As vegetarians, most of our meals are essentially a single dish, possibly with salad on the side, a piece of bread, what have you. Alright, so this isn't really that different, but part of the fun of having a big portabello cap is that it reminds us of the meat-centric meals of our youth; that and, of course, the deliciousness. I think we'd gotten a bit off track with portabellos that last few times that we made them by over marinating them. This is great for grilling, but tends to sog them out when searing them in a pan. This time I only added about a teaspoon of good soy sauce to each while they were cooking (gill side up). They came our rich and meaty; moist without juices running everywhere.

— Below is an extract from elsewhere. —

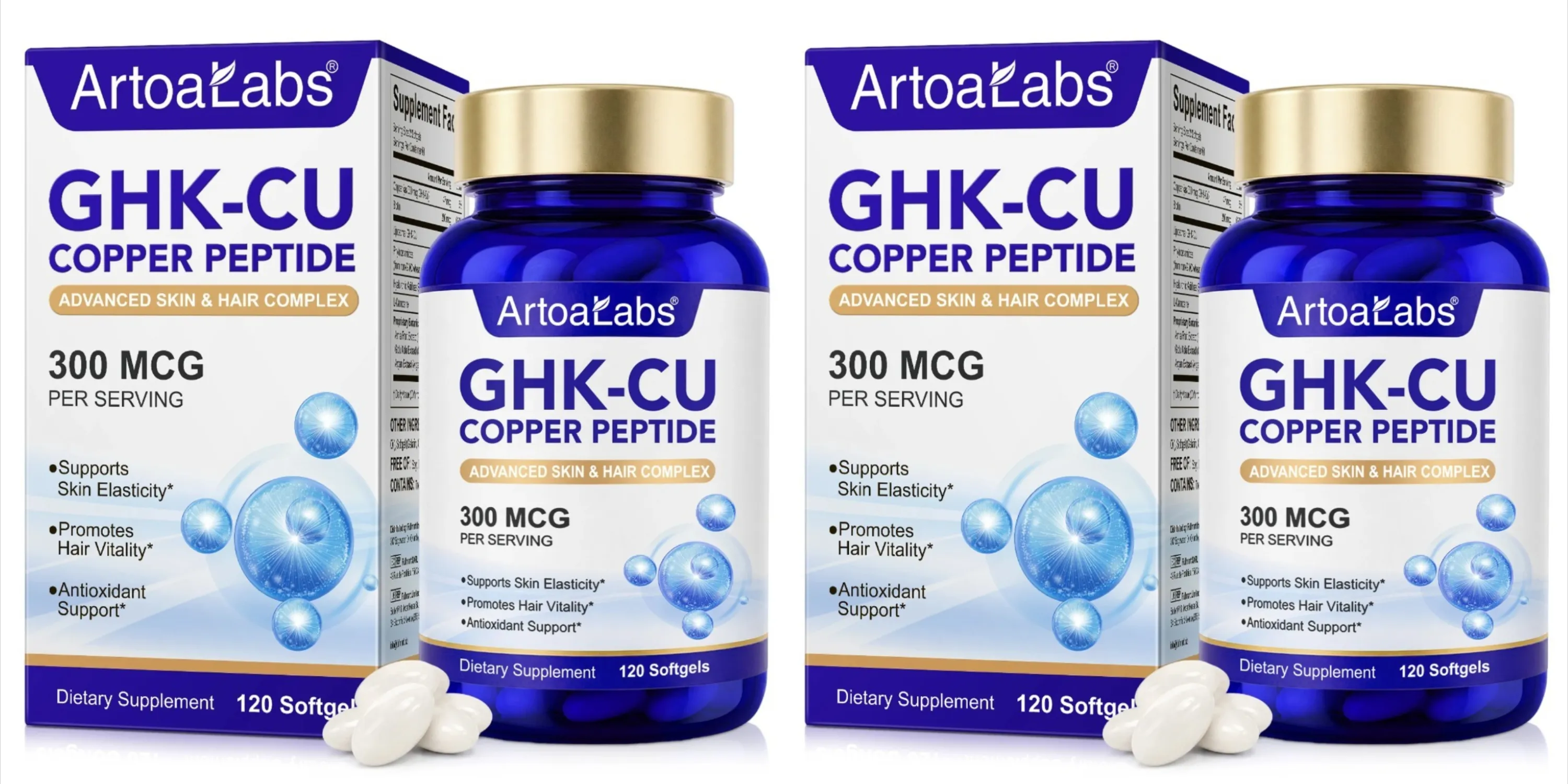 ArtoaLabs GHK-Cu Copper Peptide 300mcg Supplement Advanced Skin Hair Complex with Hyaluronic Acid Biotin Daily Wellness Adluts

The quinoa dish is essentially a variation on tabbouleh. Julie is excited by quinoa's super food reputation and keen to try new recipes. We made some minor variations to this one from Vegetarian times. I was worried that, on its own, the quinoa might mush out, but the pan roasting seems to have prevented that. In any case, it's a really pleasing and nutty salad.
1 cup quinoa
2 cups water
pinch salt
1/2 cup almonds, toasted and roughly chopped
1/3 cup diced baked tofu (optional)
1/4 cup parsley, finely chopped
2-3 tablespoons mint, finely chopped
3 tablespoons ev olive oil
3 tablespoons fresh lemon juice
Rinse the quinoa and drain thoroughly through a fine mesh strainer (if using boxed quinoa you can probably skip this step). Add to a small sauce pan over medium heat until it dries and then becomes golden and fragrant. Add the water and salt. Cover, bring to a boil, then reduce heat and simmer for 15 minutes, until all the water is absorbed. Fluff the quinoa, transfer to a medium large bowl and allow to cool slightly. Add the almonds, tofu (if using), parsley and mint and toss throughly. Whisk together the olive oil and lemon juice and pour it over the top of the quinoa mixture, tossing to distribute thoroughly. Taste for seasoning and add additional salt and pepper as desired. Serve at room temperature.